++++ Information provided

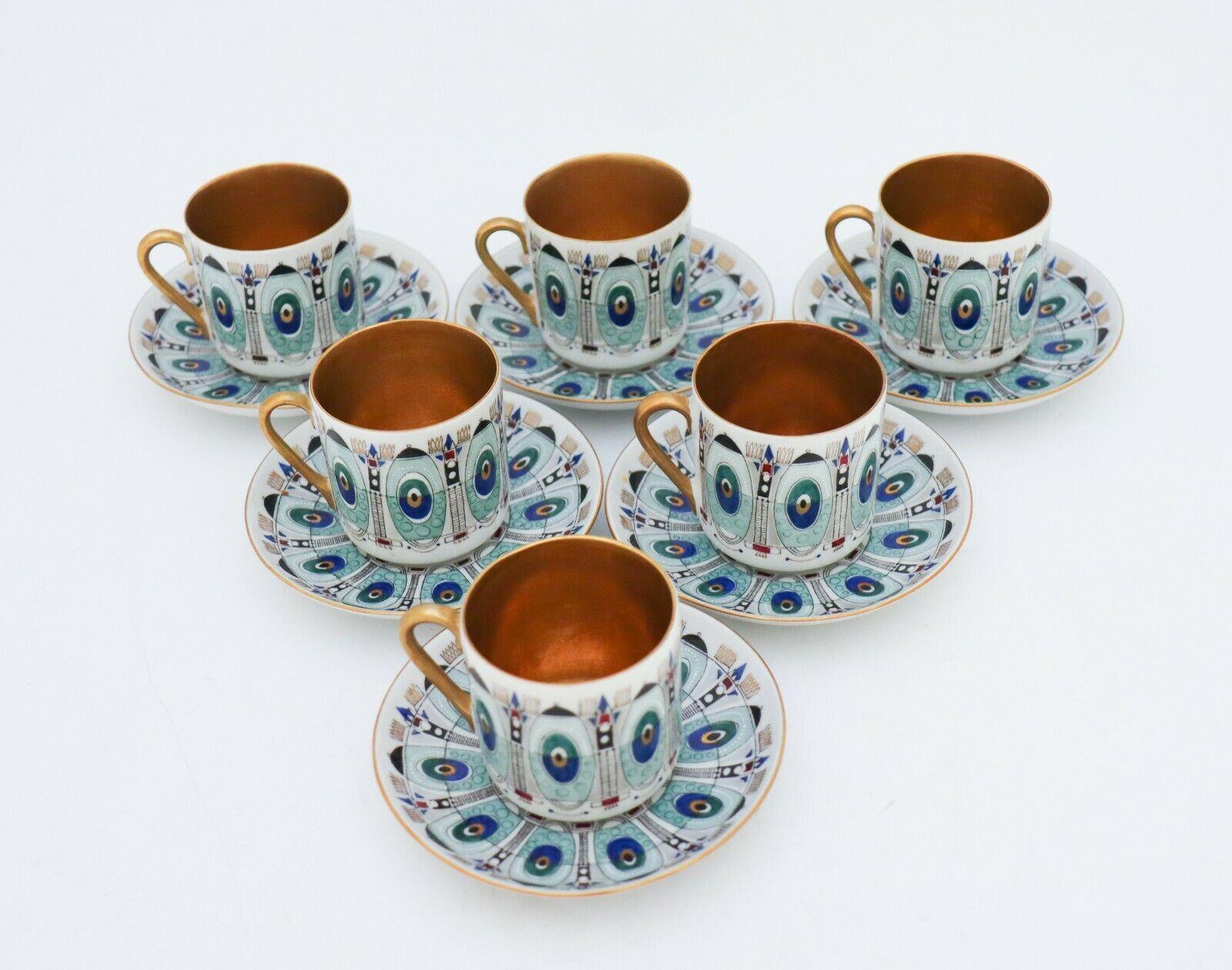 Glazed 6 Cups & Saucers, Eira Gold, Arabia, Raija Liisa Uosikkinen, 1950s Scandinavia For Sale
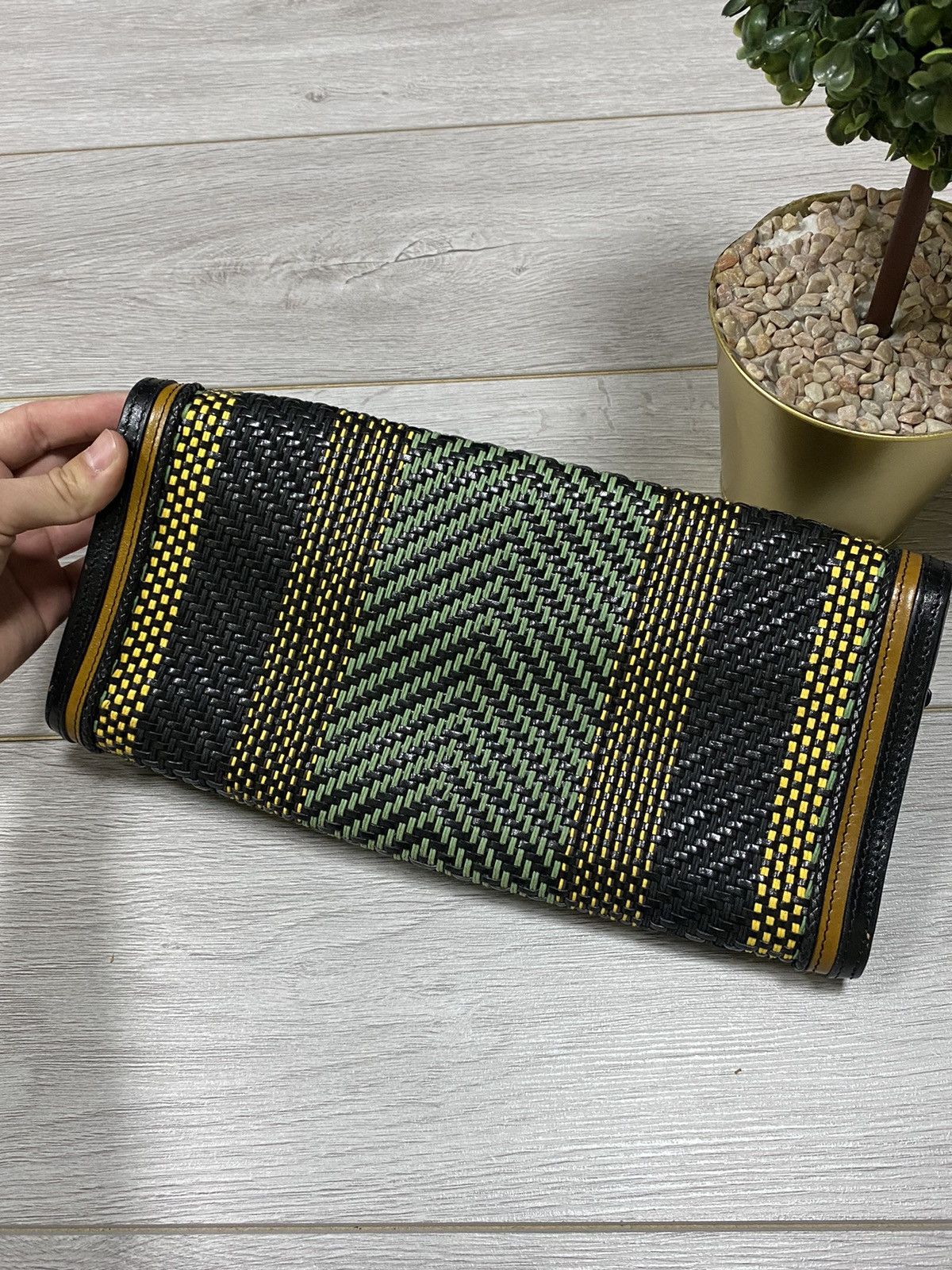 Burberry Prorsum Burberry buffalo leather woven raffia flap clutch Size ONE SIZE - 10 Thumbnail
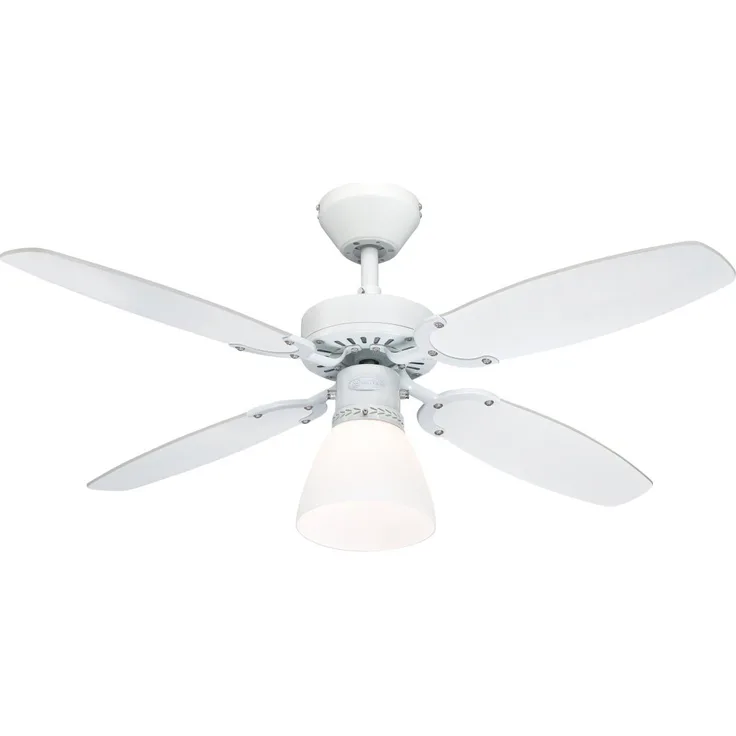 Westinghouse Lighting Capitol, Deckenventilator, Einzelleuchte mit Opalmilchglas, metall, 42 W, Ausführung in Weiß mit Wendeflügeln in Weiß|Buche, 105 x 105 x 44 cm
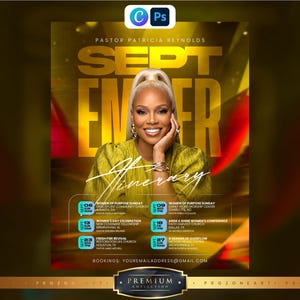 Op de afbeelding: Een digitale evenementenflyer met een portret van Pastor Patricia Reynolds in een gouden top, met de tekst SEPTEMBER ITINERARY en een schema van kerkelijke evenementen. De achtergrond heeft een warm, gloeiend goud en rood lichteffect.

++++++++
++++ Information provided

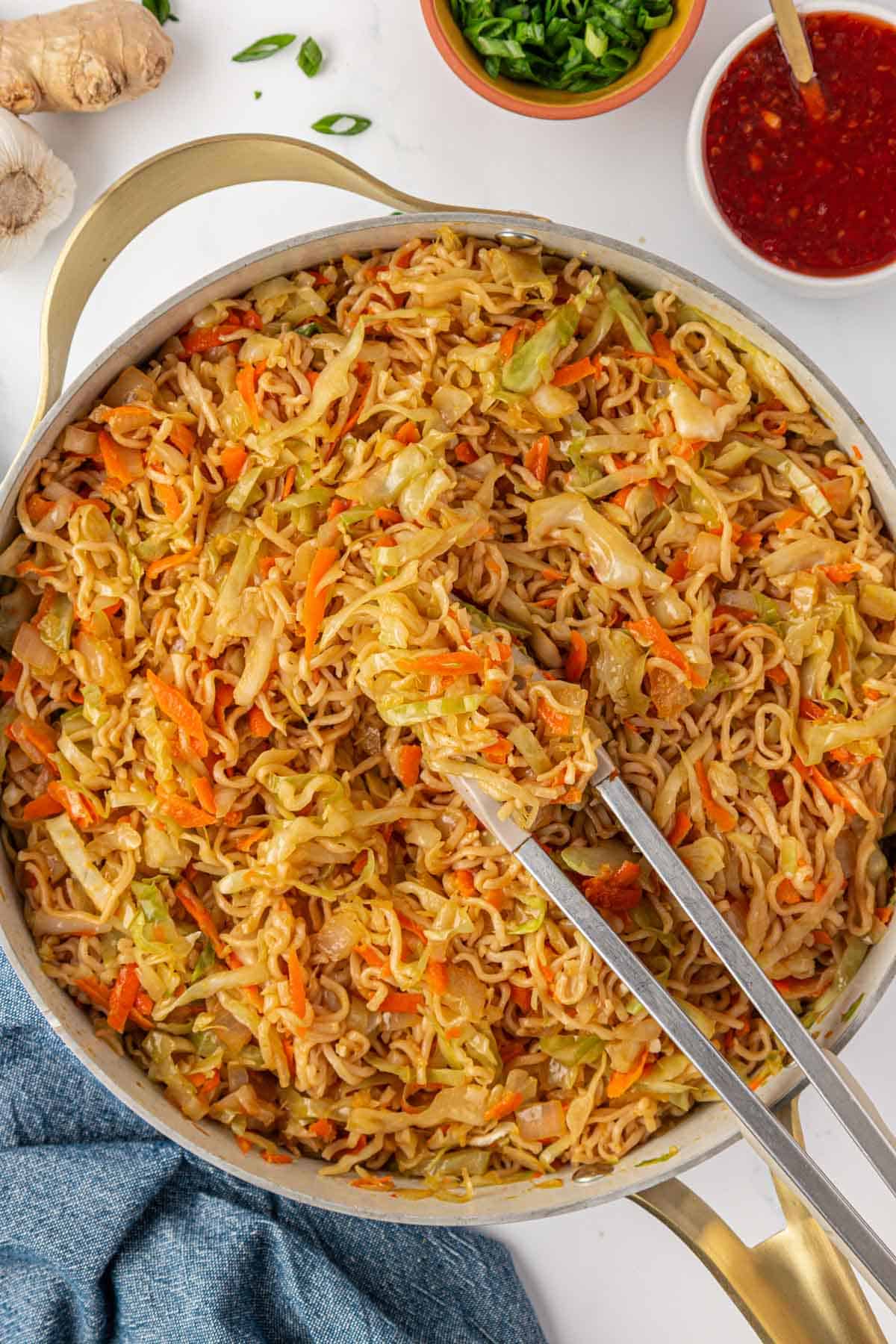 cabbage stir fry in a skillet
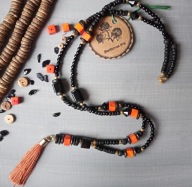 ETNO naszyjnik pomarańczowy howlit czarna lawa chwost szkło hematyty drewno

++++++++
++++ Information provided

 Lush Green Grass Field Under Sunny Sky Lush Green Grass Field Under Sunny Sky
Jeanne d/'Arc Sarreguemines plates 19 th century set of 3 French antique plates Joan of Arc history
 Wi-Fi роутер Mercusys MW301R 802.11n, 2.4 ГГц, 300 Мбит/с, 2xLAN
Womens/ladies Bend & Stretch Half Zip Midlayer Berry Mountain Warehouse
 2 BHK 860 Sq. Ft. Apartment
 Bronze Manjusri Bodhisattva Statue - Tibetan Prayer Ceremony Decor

++++++++

What the task requires ▸ Reproduce word for word the material above, beginning with the line that contains "Jeanne d/'Arc Sarreguemines" and ending with the line that contains "Bronze Manjusri Bodhisattva".

Output ▸
Jeanne d/'Arc Sarreguemines plates 19 th century set of 3 French antique plates Joan of Arc history
 Wi-Fi роутер Mercusys MW301R 802.11n, 2.4 ГГц, 300 Мбит/с, 2xLAN
Womens/ladies Bend & Stretch Half Zip Midlayer Berry Mountain Warehouse
 2 BHK 860 Sq. Ft. Apartment
 Bronze Manjusri Bodhisattva Statue - Tibetan Prayer Ceremony Decor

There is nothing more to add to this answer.